The struggle that is faced by the workers at McVitie’s in the east end of Glasgow echoes the struggle of so many skilled industrial workers in Scotland over the past 50 years. From Michelin Tyres in Dundee to the Caley railway works in Glasgow, it is a grimly familiar story of an overseas owner asset stripping Scotland’s industrial base. However, as in so many other cases, closure is far from inevitable – and this Parliament, founded in the face of such struggles, has a duty to prevent it going the same way as so many other proud Scottish industries and brands.

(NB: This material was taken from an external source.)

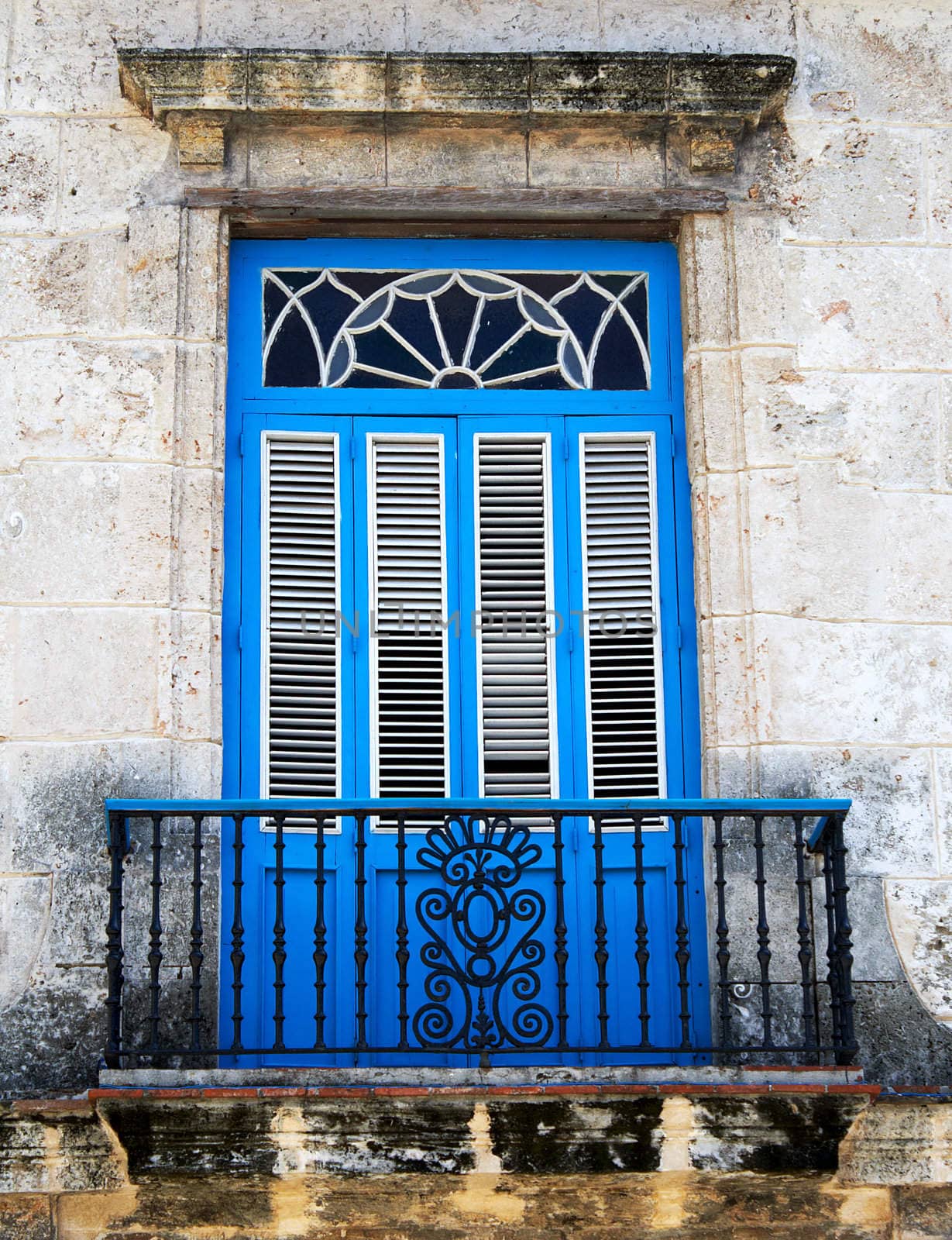 Old typical colonial balcony painted in vivid blue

In all of these cases, the workforce should have had a greater say in the future of their workplace. Scottish Labour is committed to a Common Ownership Fund aimed at doubling the size of the co-operative and employee-owned sector in Scotland. Instead of the workers at places like the Caley or McVitie’s ending up unemployed, I think that we should look at the possibility of a Marcora Law in Scotland. Workers should be assisted to take over their place of work when they face the threat of redundancy.

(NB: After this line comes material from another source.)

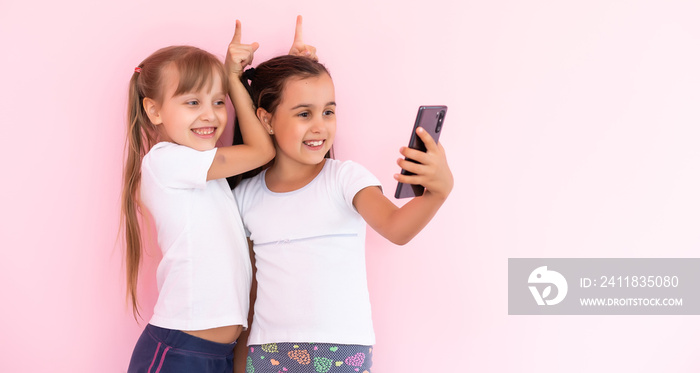 two little girls with a smartphone on a pink background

The Marcora Law is named after the Italian politician who pioneered it, giving workers the right and, more importantly, the financial support to buy out their place of work if it is at risk of closure and allows the establishment of a worker owned co-operative. Research by the Co-operative Party has shown that 64% of people believe that the economy would be fairer if employees could buy their business if it was at risk of sale or closure.

I will continue to campaign with the workers at McVitie’s and with their unions to try and save their jobs, but it is clear to me that we need an economy where wealth and power are shared – and where worker ownership is always a viable option.